First, how can policymakers genuinely help OPM? To be sure, pointing fingers at hacked entities like the OPM — “You should have done more” — may be self-righteously fun, but it’s the rough equivalent of a sugar or caffeine rush. It’s good while it lasts but offers few sustained benefits. The private sector has received its fair share of finger pointing in the wake of cyber incidents, so while a touch of schadenfreude is tempting, it’s ultimately empty and unserious.
Last year, Congress passed federal information security modernization legislation, which the U.S. Chamber supported, to help bolster the ability of OPM and other government entities improve their security. Among other things, agencies are supposed to transition away from mountains of compliance paperwork and toward an automated process of network monitoring. Adding more red tape to the cyber incident won’t help OPM. Asking OPM authorities what they need to assist federal employees, implement the new law, and apply additional security controls will serve them best.
Second, will this hacking episode prompt Congress to pass information-sharing legislation once and for all? It should. And while it is only June, the congressional clock is quickly ticking away. At issue is that businesses and government need to break down the legal hurdles inhibiting the rapid sharing of cyber threat data among multiple entities. Information sharing is happening today, but we can do more — confidently, quickly, and on a broader scale.

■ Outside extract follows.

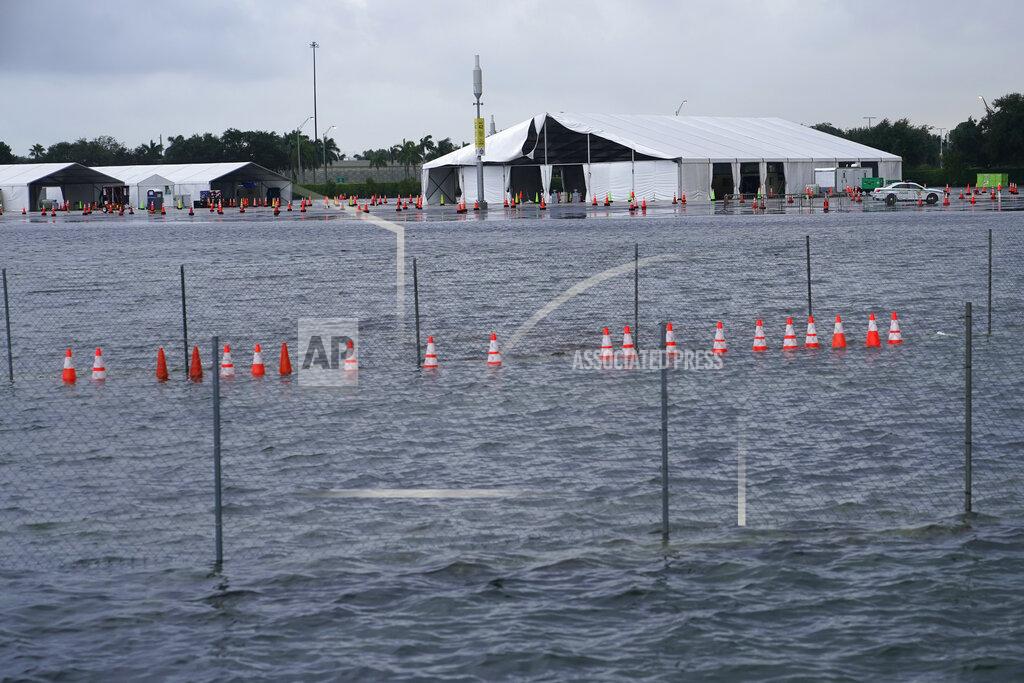 Lynne Sladky A parking lot at Hard Rock Stadium, the site of one of the major COVID-19 testing sites in the state, is flooded in the aftermath of Tropical Storm Eta, Monday, Nov. 9, 2020, in Miami Gardens, Fla. The site suffered major damage due to extensive rain dumped by the storm, and will remain closed until Wednesday or Thursday. (AP Photo/Lynne Sladky)
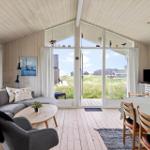 Wohn- und Essbereich mit großem Fenster, Sofa, Tisch und Stühlen. Draußen Grasland und Häuser.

The digital tools, tactics, and procedures that the alleged Chinese hackers used to gain access to approximately 4 million federal employees’ personal information need to be made both actionable and put into the hands of security professionals so that they can swiftly implement measures to guard the sensitive data and devices they manage.
Sophisticated criminal gangs as well as malicious actors in China, Iran, North Korea, and Russia (or their proxies) should not be allowed to put people's sensitive information at risk of abuse. Their actions can be restricted — if not prevented — through improved information sharing.
The cyber fingerprints of the attack against the OPM need to be shared with appropriate public- and private-sector organizations in a timely manner.
The Protecting America’s Cyber Networks Coalition, which the Chamber helps lead, is pushing the Senate to pass S. 754, the Cybersecurity Information Sharing Act (CISA) of 2015. Enacting CISA is a top policy priority of the coalition, a partnership of more than 40 leading business associations representing nearly every sector of the U.S. economy.
Businesses need legal certainty that they have safe harbor against frivolous lawsuits and regulatory, public disclosure, and antitrust matters when voluntarily sharing and receiving threat indicators and defensive measures in real time — and taking actions to mitigate cyberattacks. Congressional action cannot come soon enough.